Assign2: Search Engine

Search engines are one of the most influential developments of the modern Internet age, having completely revolutionized the way that people use and interact with the Web. What was once an intractable jumble of data with no semblance of organization has been transformed into an easily searchable repository of human information, For this assignment task, you will recreate this phenomenal technological development by using the Map and Set ADTs to build a document search engine that can find matching pages for a user's query on demand with lighting-fast response time. This is a simplified version of the technology underpinning Spotlight, Google, Bing, and every other modern search engine that you encounter in your day-to-day internet use.

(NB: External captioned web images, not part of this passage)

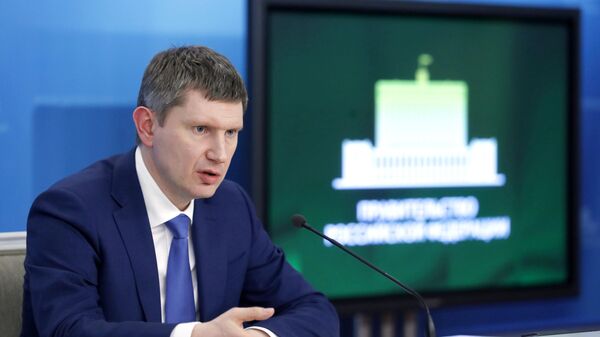 Министр экономического развития РФ Максим Решетников во время брифинга в Доме правительства РФ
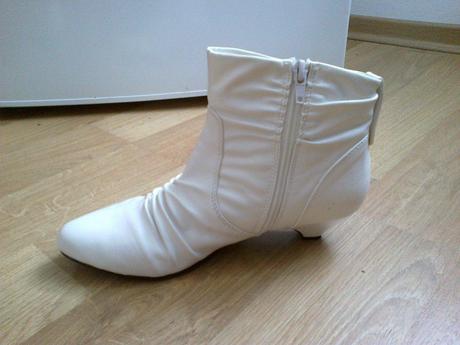 Pohodlné členkové čižmičky biele, 38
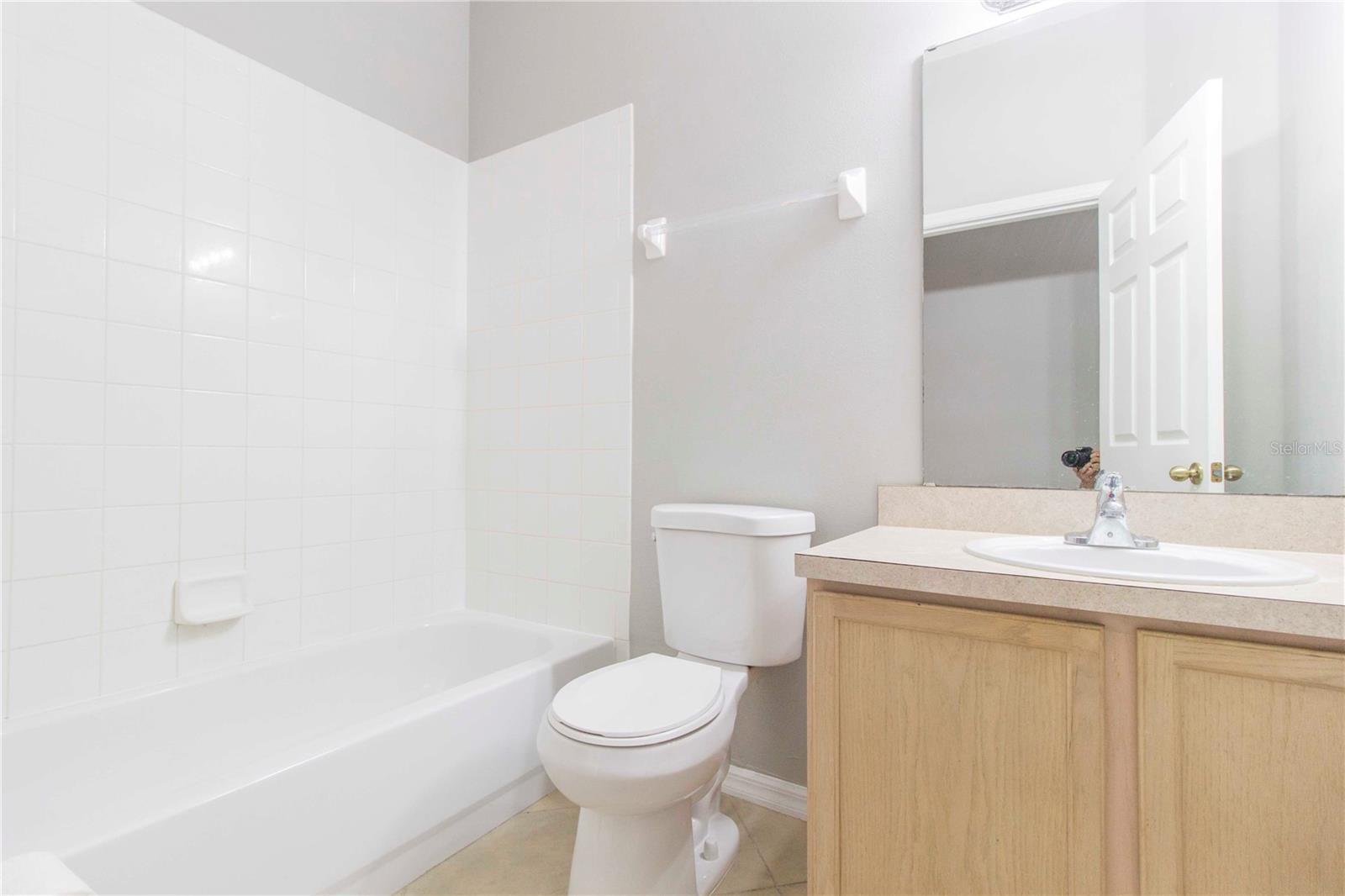 EMERALD POINTE - Residential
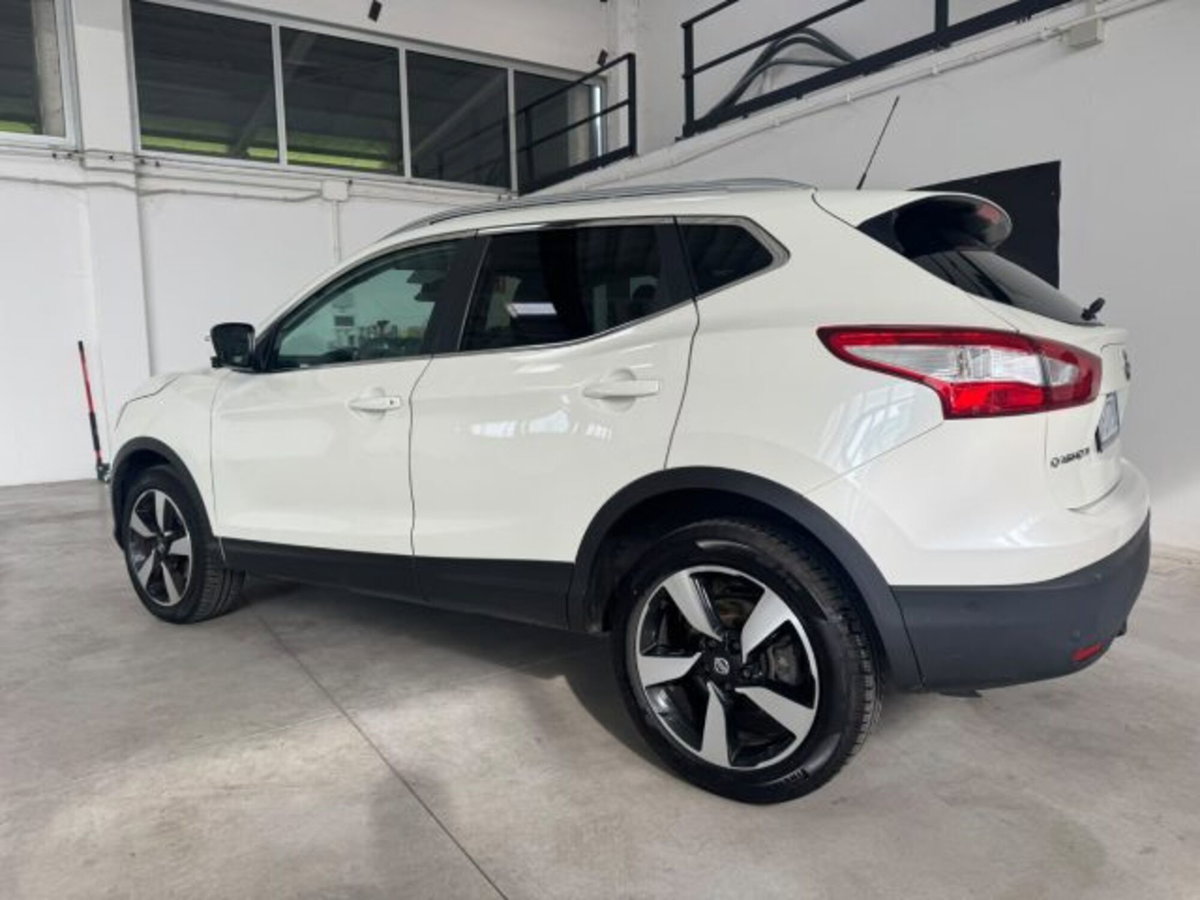 Nissan Qashqai 1.6 dCi 2WD Tekna (7)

Want to see the power of search right at your finger tips? Use the "Search" feature in the top-right of the website and search for the phrase "easter egg" and see what you instantly find hidden deep in the recesses of the course website…

Big picture

The program you write for this assignment task will produce a custom data structure for a particular set of web pages, represented in the form of a URL ("Uniform Resource Locator") and an associated string of text representing the body of the webpage. First, your program will process the body text of each page, and will populate the data structure with a mapping from words in the body text to page URLs. Once you have built the data structure, you will then write a function that enables search, given the data structure of webpage information and a target query that one might want to search for. Finally, you will write a console program that enables a user to enter many different search queries and get back the webpages on which those search queries can be found. Put all together this way, you will have built your own mini search engine!

An inverted index

The key to enabling efficient search of a large data structure comes down to how we structure and store the data. A poor choice in data structures can cause search to be very slow, while a wise arrangement can allow search to be near instantaneous. In this section of the handout, we will describe one data storage scheme that can be used to enable super-fast lookup.

To begin with, let's consider the index of a book. For example, when you look in the index of the CS 106B textbook, one of the entries is the keyword "Internet", and two page numbers, 18 and 821. The word internet occurs on page number 18 and again on page number 821. A book's index is an example of an inverted index, where you have a word in mind, and you can find the page number it is listed on (a book's index does not usually include every instance of the word on all pages, but is usually curated to give you the best matches). In other words, an inverted index creates a mapping from content to locations in a document (or table, etc.). This in contrast to a forward index, which for our book example would be a list of page numbers with all the words listed on that page. A search engine uses an inverted index to allow for fast retrieval of web pages – thus, we will first figure out how to build one of these inverted indexes to efficiently store the data that we want to be able to search through.

Efficiency note: To create an inverted index, you must process the entire document, or set of documents, and catalog where each word is located. This may not be a fast process, but once the inverted index is complete, searching for words and their corresponding locations is extremely fast.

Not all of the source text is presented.